- **Recorded data**
______
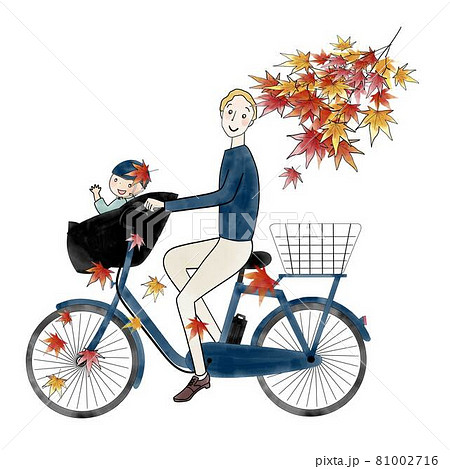 電動アシスト自転車 二人乗り お父さんと子供のイラスト素材
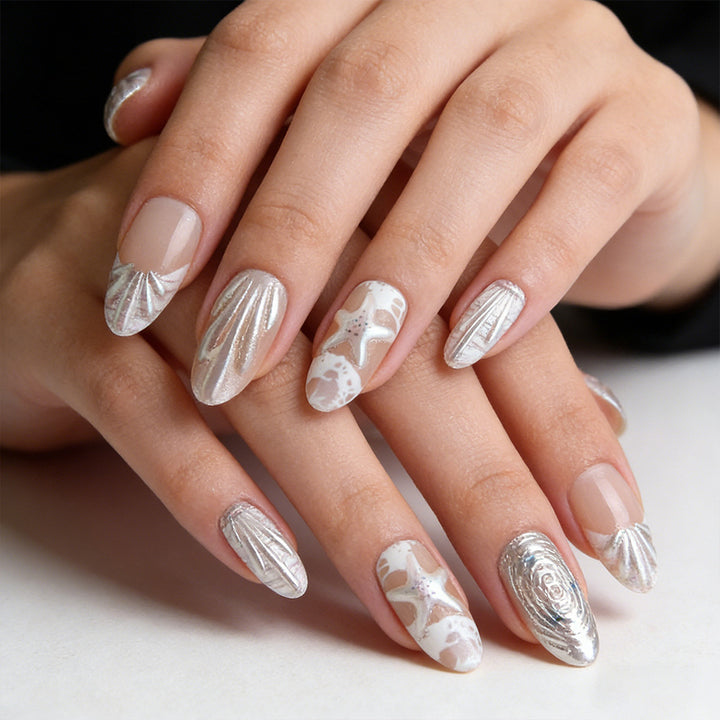 Artistic Ocean-Inspired Gel Nail Design Bowlift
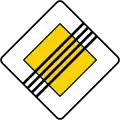 End of priority road (henceforth priority to the right applies at uncontrolled intersections)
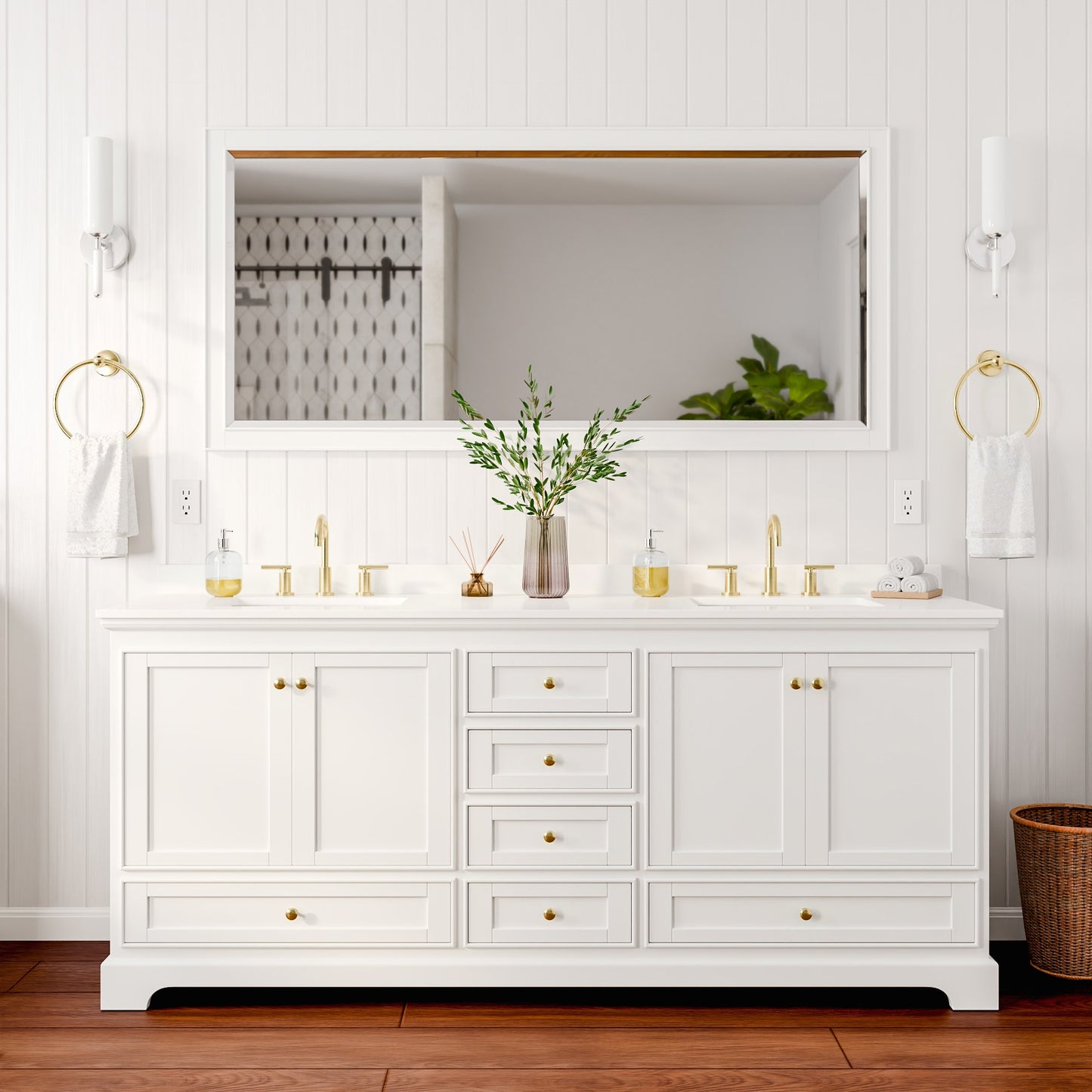 Deborah Bathroom Vanity with Countertop 80 inch Double Sink 3-hole Faucet Setup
______
- **What is expected**
Please give again only those lines that run from the one containing "End of priority" through the final line of the listing, both included, exactly as written and without pictures.

- **Task result**
 End of priority road (henceforth priority to the right applies at uncontrolled intersections)
 Deborah Bathroom Vanity with Countertop 80 inch Double Sink 3-hole Faucet Setup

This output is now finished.